‘Vacinação em massa tem que ser acelerada ao máximo’, diz Guedes

Manoel Ventura
·3 minuto de leitura

BRASÍLIA — O ministro da Economia, Paulo Guedes, disse nesta segunda-feira que a vacinação em massa contra a Covid-19 precisa ser acelerada e afirmou que essa é uma obrigação que o governo irá cumprir.

— A vacinação em massa tem que ser acelerada ao máximo para garantir a chance de sobrevivência e garantir o retorno seguro ao trabalho, principalmente para as camadas mais vulneráveis — disse o ministro, durante entrevista sobre o resultado da arrecadação de impostos de fevereiro.

Guedes repetiu a necessidade de vacinar o que chama de camadas mais vulneráveis para garantir o a retomada da economia. Essas pessoas, disse o ministro, são o foco do auxílio emergencial que voltará a ser pago em abril.

— Mesmo com a cobertura que nós vamos estender (auxílio emergencial), mais do que nunca, temos que evitar a crueldade do dilema que é: fique em casa com dificuldade para manutenção da sua sobrevivência pessoal; ou vão sair arriscados a perderem a vida pela Covid — disse o ministro.

Dados colhidos pelo consórcio de veículos de imprensa a partir de dados da secretarias estaduais de Saúde apontam que 11,8 milhões de pessoas receberam a primeira dose da vacina, o que equivale a 5,58% da população brasileira. Apenas 1,96% da população recebeu as duas doses.

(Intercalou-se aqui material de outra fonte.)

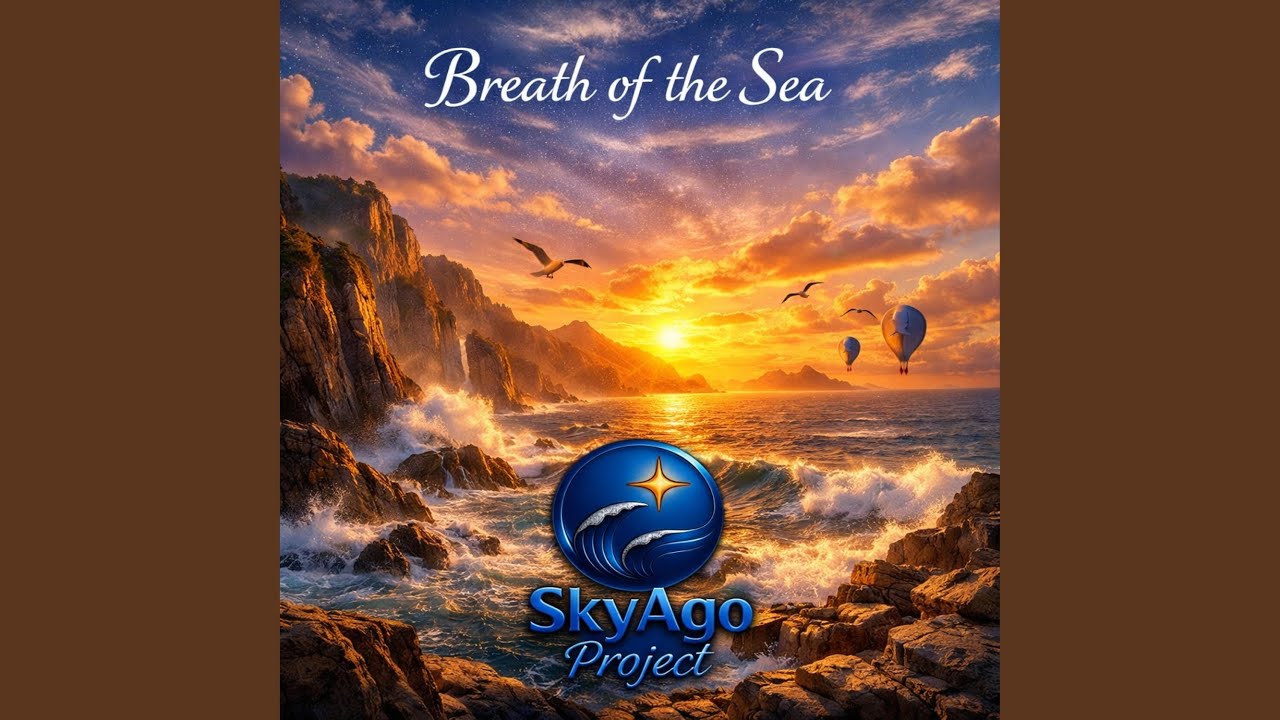 Breath of the Sea
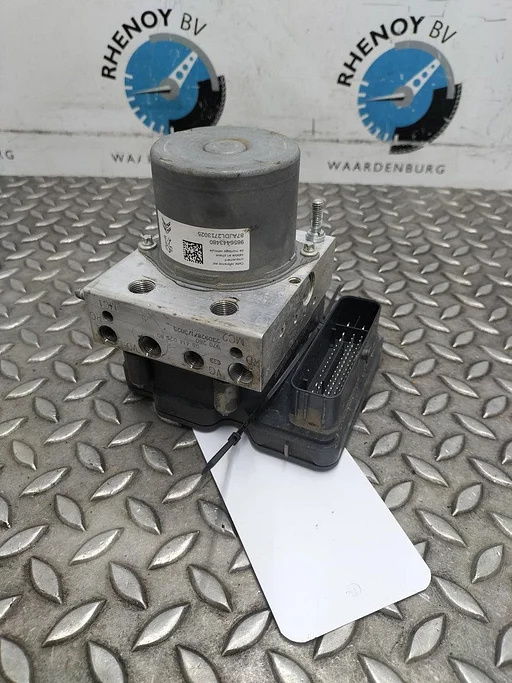 PEUGEOT 3008 P84E GT ABS POMP  9856443480 2023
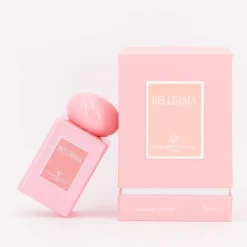 GRIS MONTAIGNE Extrait de parfum femme "bellisima" 75ml ar04733 Femme Outlet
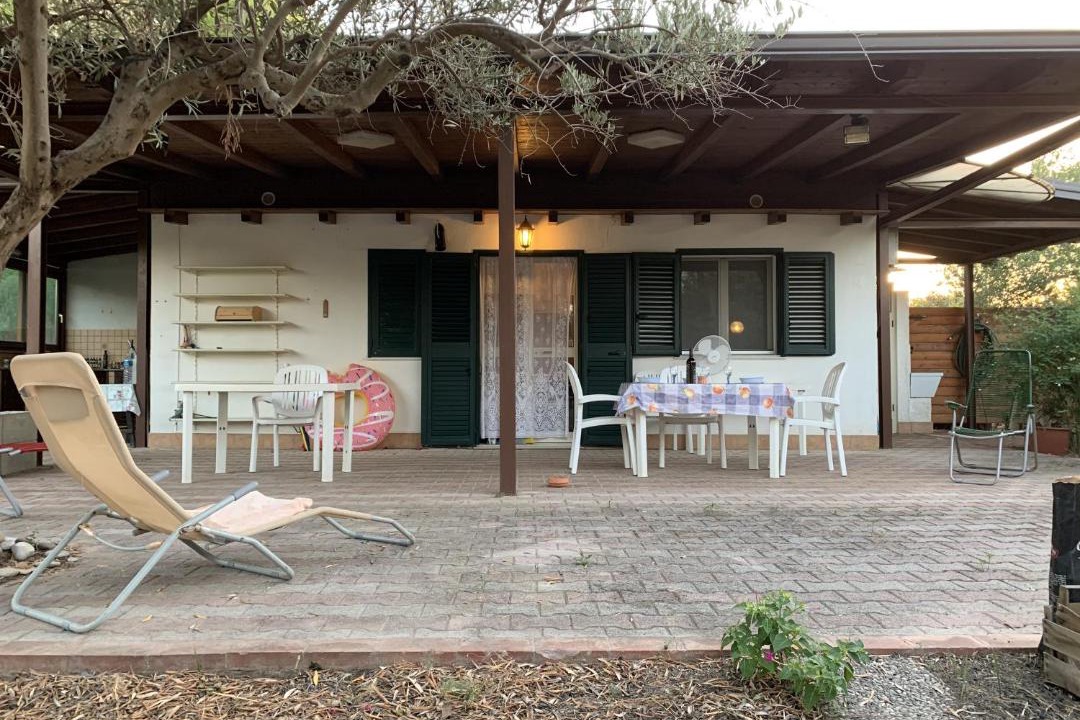 Photo of Buildings in Solfarelli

Para Guedes, “as classes mais baixas, há um desejo desesperado pelo trabalho”.

— As camadas mais frágeis são as que querem, precisam, pedem para trabalhar. Mesmo nós liberando esse auxílio emergencial, que deve ajudá-los pelo menos a manter sua sobrevivência nesse período, nós temos a obrigação de vaciná-los nos próximos três quatro meses. Nós temos a obrigação de vaciná-los, para que eles possam ter um retorno seguro ao trabalho — disse Guedes, acrescentando: — Essa é a nossa obrigação e vamos fazer tudo para cumpri-la.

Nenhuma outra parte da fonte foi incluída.